New-technology DNA sequencing provider Complete Genomics will provide near-complete genome sequences of 100 individuals to the Institute for Systems Biology, driving the first ever association study for a complex trait using whole-genome sequencing. Here's the press release, and GenomeWeb has some additional information.
This is pretty exciting stuff:
The goal of this project is not to identify the mutations that cause Huntington's (the genetic basis of this disease is already extremely well-characterised), but rather to look for novel variants that alter the progression of the disease - usually called "disease modifiers". In other words, the goal here is to uncover genetic variants that explain variation between Huntington's patients in things such as age of onset or the speed with which the disease progresses.
The major novelty of this study is that the target trait is complex (i.e. is likely determined by multiple genes), whereas the small number of WGS disease studies reported to date have focused on much more tractable Mendelian diseases (those in which disease status is conferred by the presence of a single, disastrous mutation).
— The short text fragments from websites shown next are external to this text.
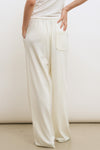 General Idea WOMAN Temperature Cut Cool Semi Wide Knit Pants [IVORY]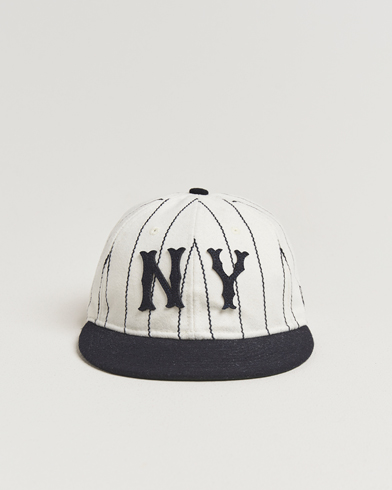 New Era Retro Crown 9Fifty Melton Wool Cap New York Yankees Stripe – Blanc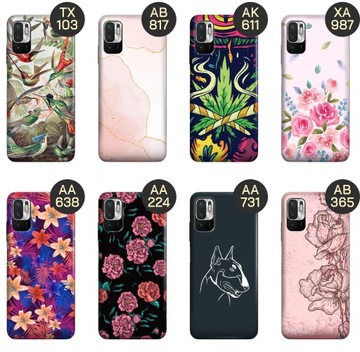 ЧЕХОЛ ДЛЯ XIAOMI REDMI ПРИМЕЧАНИЕ 10 5G ТОП100 ДИЗАЙНЕРСКИХ ОБРАЗЦОВ С ПРИНТОМ КОРПУС + СТЕКЛО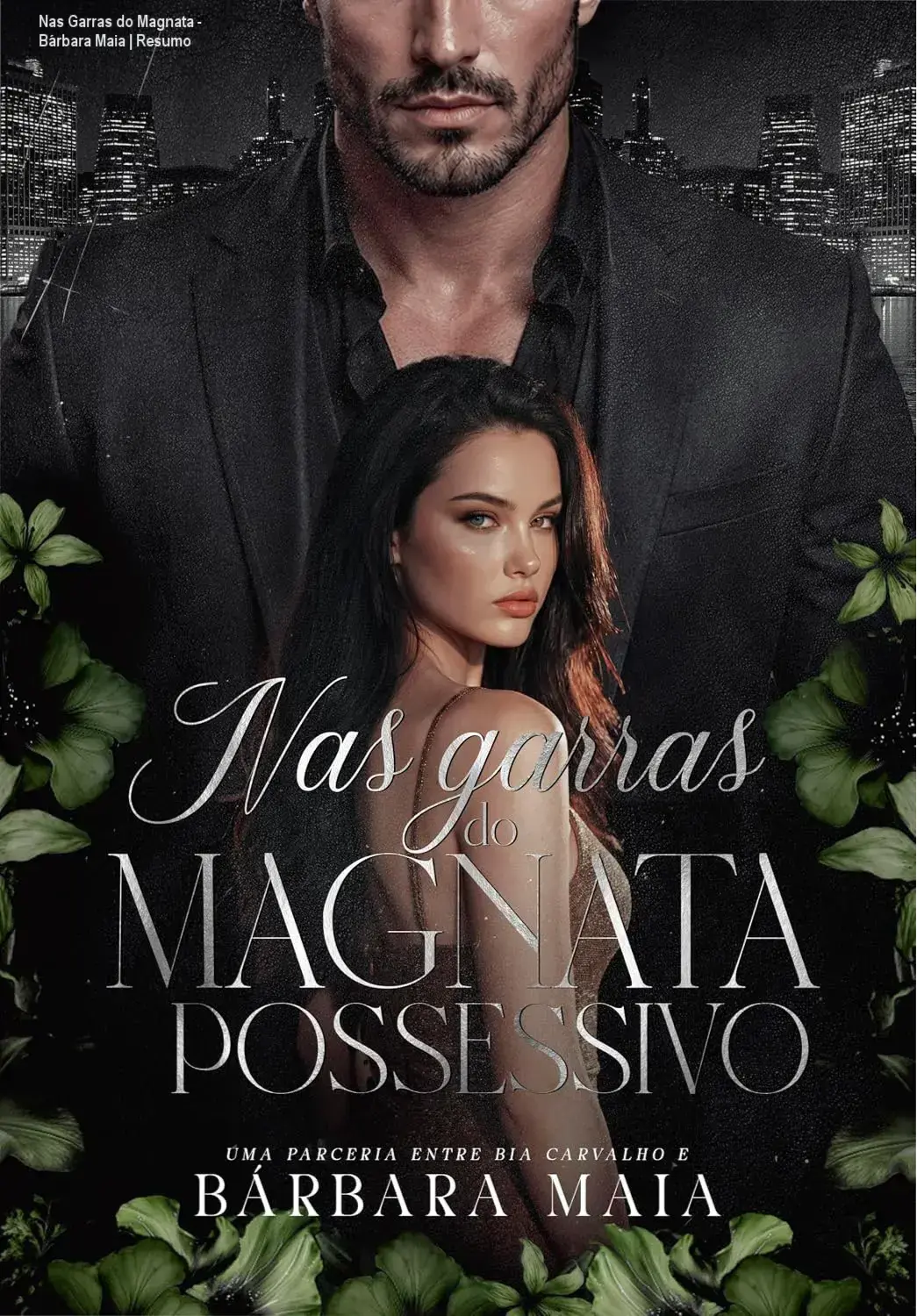Nas Garras do Magnata - Bárbara Maia | Resumo 1 Capa simbólica de romance com temas de guerra, resgate e amor proibido, destacando elementos-chave da trama.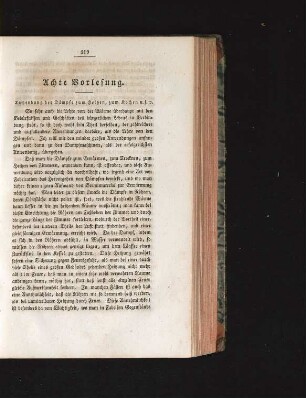 Achte Vorlesung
You can expect to see plenty of similar announcements over the next twelve months as the cost of sequencing drops to the point that WGS on moderately large cohorts becomes feasible (Complete Genomics is currently offering the service for around $20,000 per genome).
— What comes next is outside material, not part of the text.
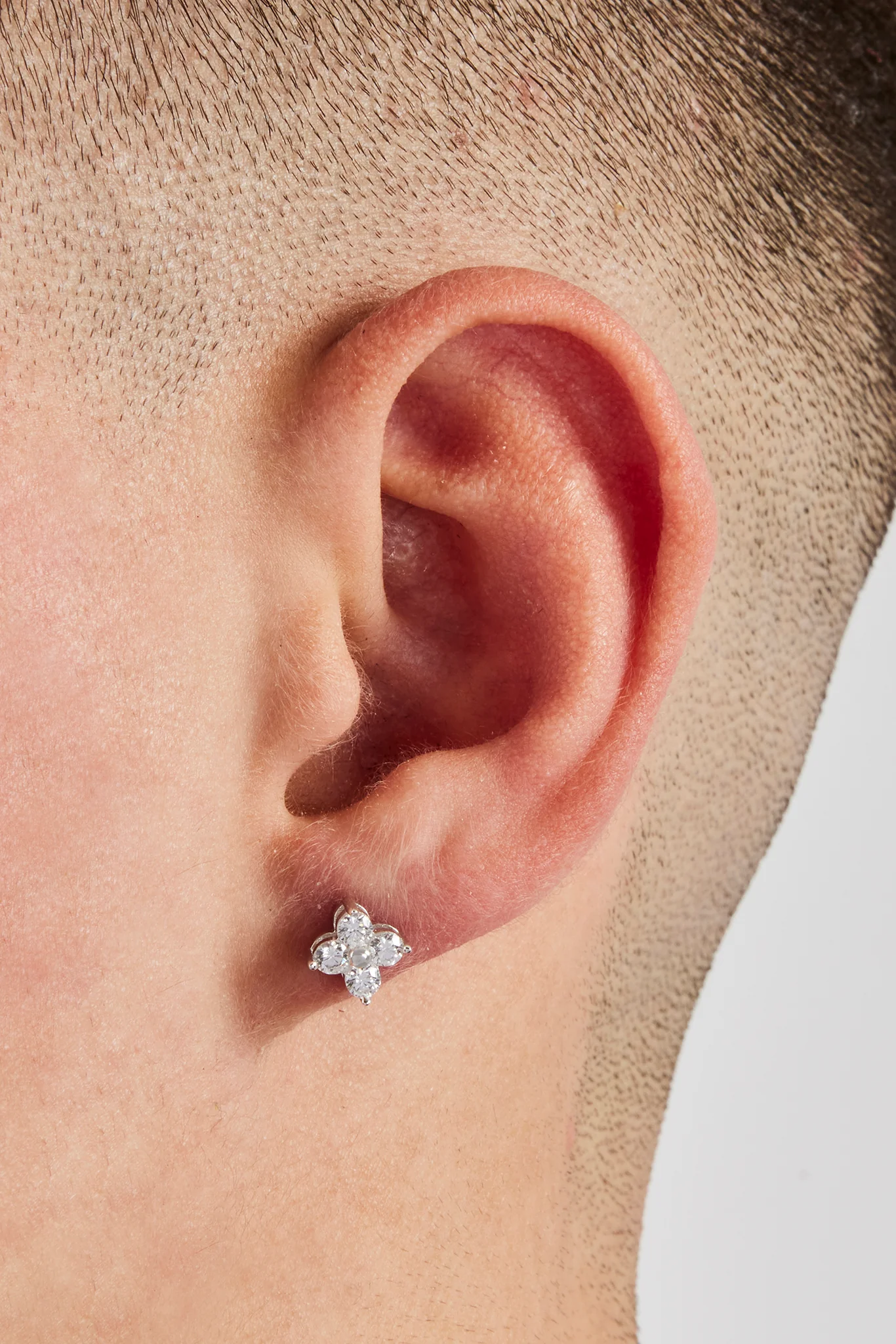 Iced Motif Shape Studs - 8mm - Image 2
This project is somewhat unusual in its focus on disease-modifying variants rather than disease-causing variants; it's likely that most of the early WGS studies will actually aim to identify new, rare large-effect risk factors for complex diseases such as type 1 diabetes.
At the American Society of Human Genetics meeting we started to get a sense of how early WGS projects in complex diseases will look:
- Individuals selected from the extremes of the distribution (e.g. particularly early-onset or severe manifestations of disease);
- A focus on individuals with a strong family history of disease;
- Sequencing of both patients and unaffected family members;
- In some cases, experimental designs employing low-coverage sequencing of many individuals rather than high-quality sequencing of a smaller cohort.
The first two features will enrich the target population for the types of rare, large-effect variants that WGS is uniquely capable of detecting, while the addition of unaffected family members will make it easier to differentiate between disease risk variants and the benign polymorphisms that litter all of our genomes. The final feature - low-coverage rather than high-quality sequence - is still controversial, but was strongly advocated by Richard Durbin and Goncalo Abecasis at the meeting; this is the approach currently being taken by the 1000 Genomes Project. I plan to write more about this strategy soon.
Anyway, here we are: the technology has finally arrived that makes WGS-based studies feasible for complex traits. Now the real challenge - coming up with ways of handling the massive volumes of data generated by these technologies, and of finding true causal variants amongst the noise of sequencing artefacts and benign polymorphisms - starts to bite.